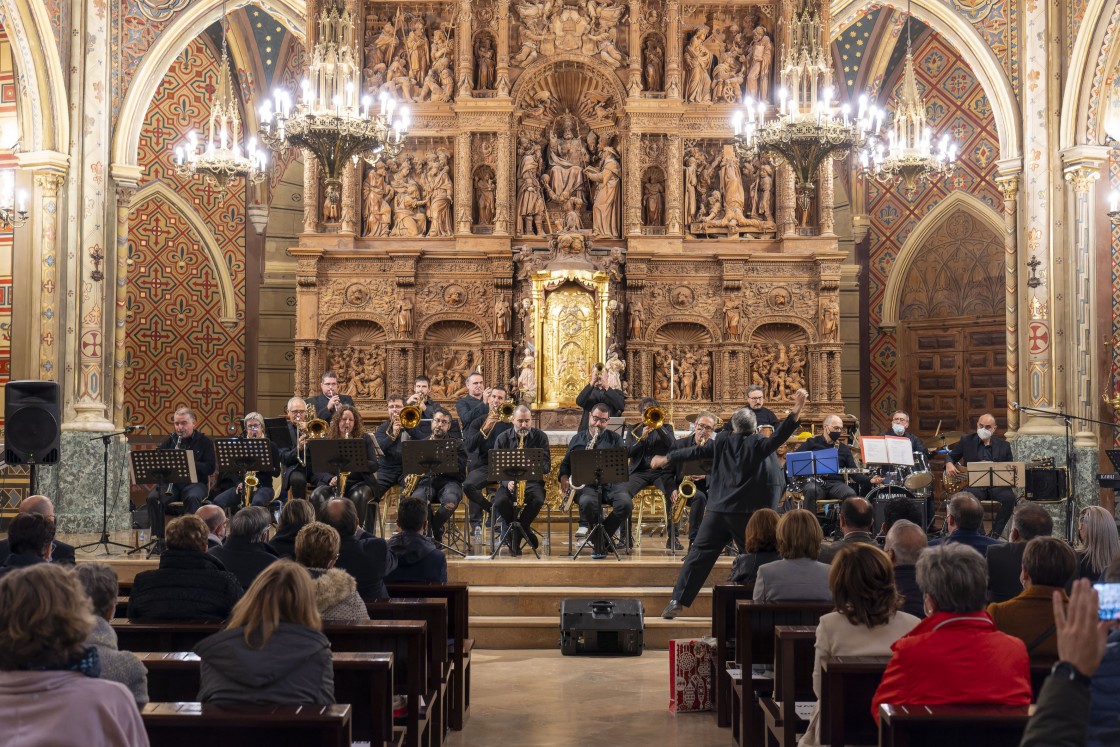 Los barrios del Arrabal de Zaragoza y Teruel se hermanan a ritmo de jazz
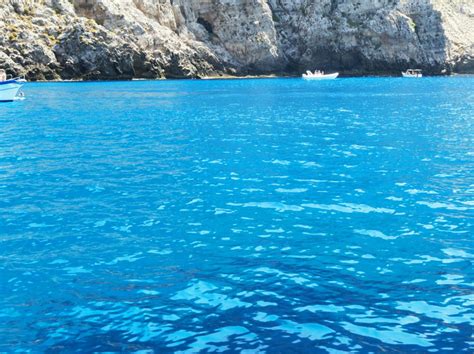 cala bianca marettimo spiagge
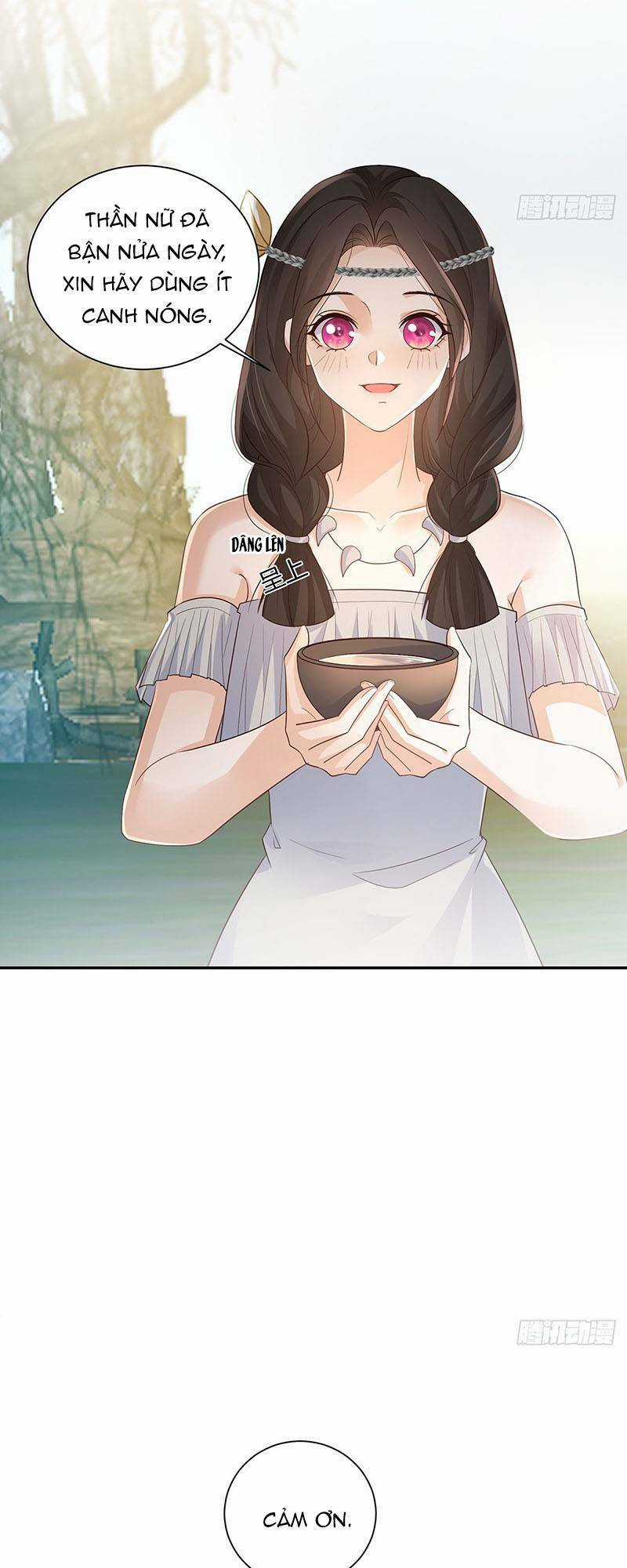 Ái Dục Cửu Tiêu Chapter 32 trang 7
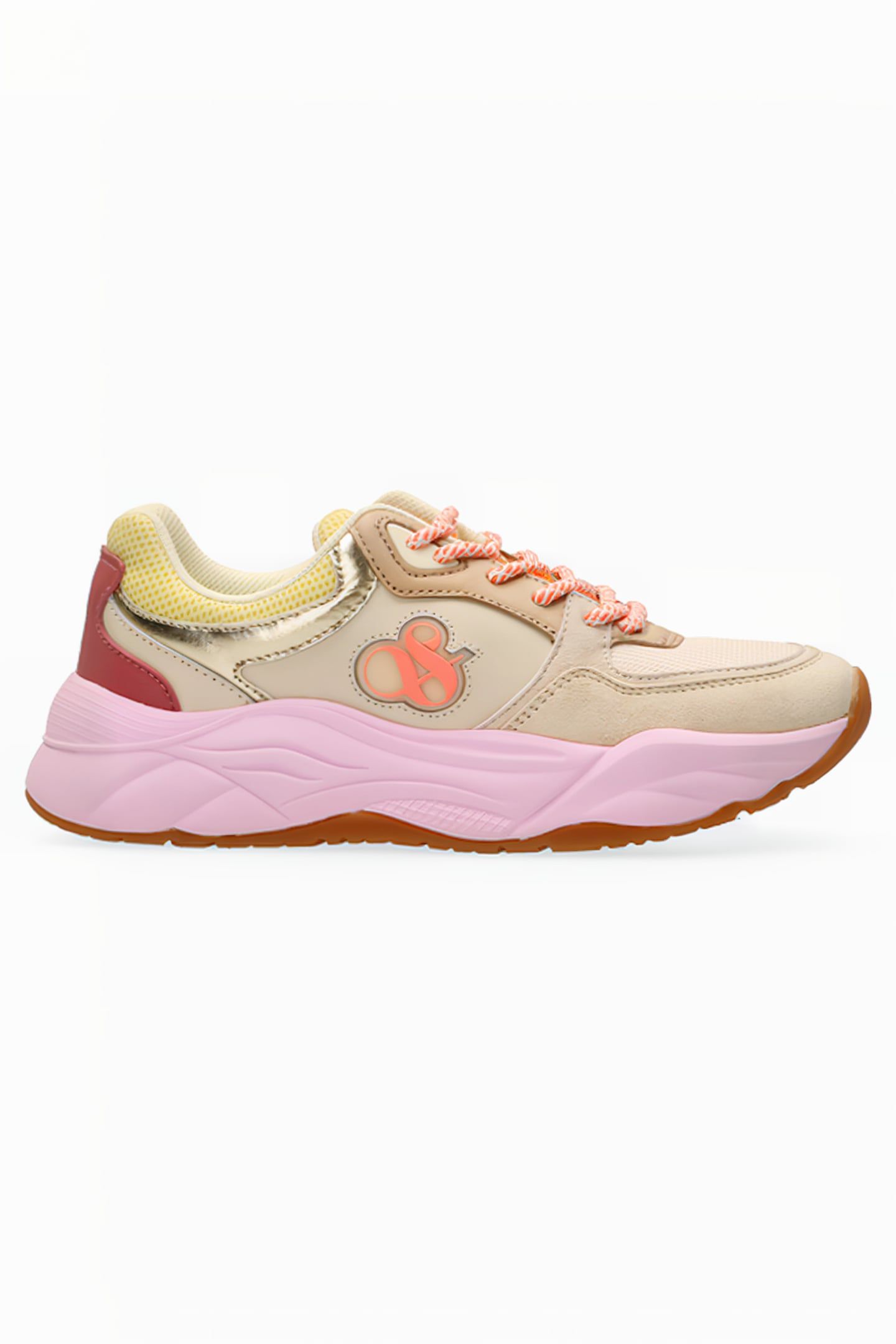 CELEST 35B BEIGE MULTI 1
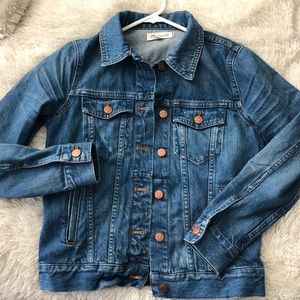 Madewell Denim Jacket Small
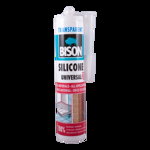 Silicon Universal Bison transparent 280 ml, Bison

----

The lines to copy begin at the one containing "Madewell Denim Jacket Small" and end at the last line of the records. Set down exactly those lines and no others, both ends included, and omit all pictures.

**Exercise output:**
 Madewell Denim Jacket Small
 Silicon Universal Bison transparent 280 ml, Bison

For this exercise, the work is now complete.